> [What the task requires]: Only the lines below between the one holding "Blue-haired anime youth" and the one holding "OR license plate 982PYN", inclusive, are to be reproduced word for word; the pictures are to be left out.

> [Given records]:
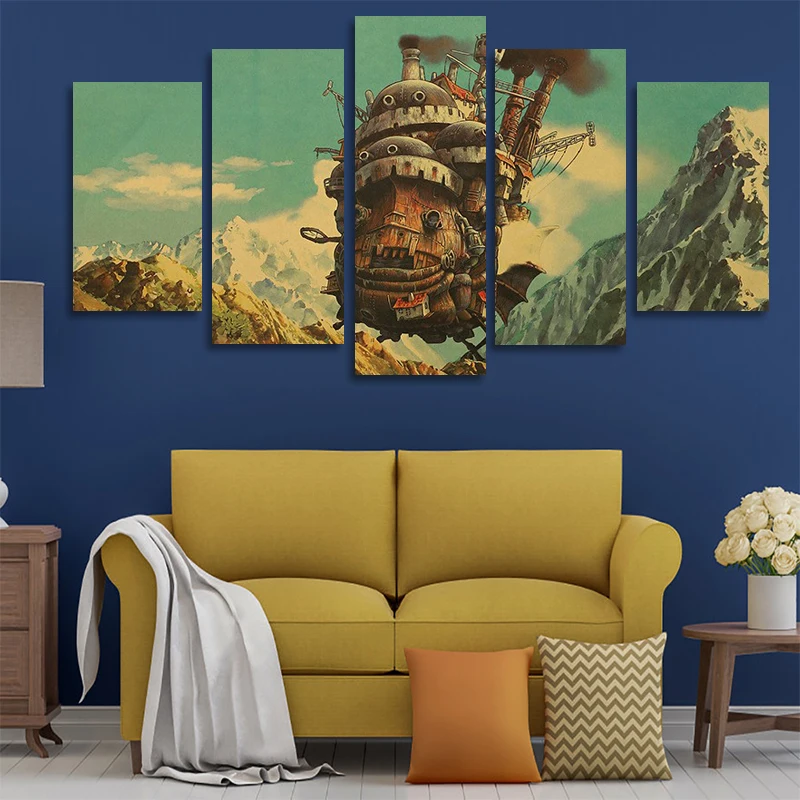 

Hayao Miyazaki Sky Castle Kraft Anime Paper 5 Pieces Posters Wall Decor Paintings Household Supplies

--

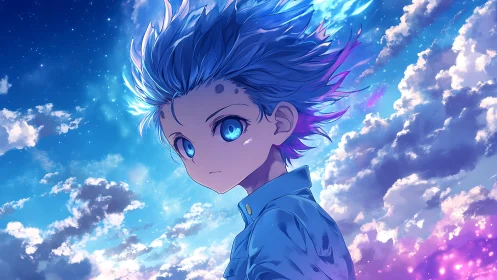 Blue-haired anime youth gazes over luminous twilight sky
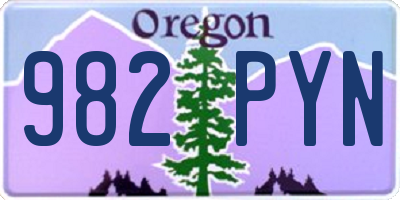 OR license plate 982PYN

> [Solved problem]:
 Blue-haired anime youth gazes over luminous twilight sky
 OR license plate 982PYN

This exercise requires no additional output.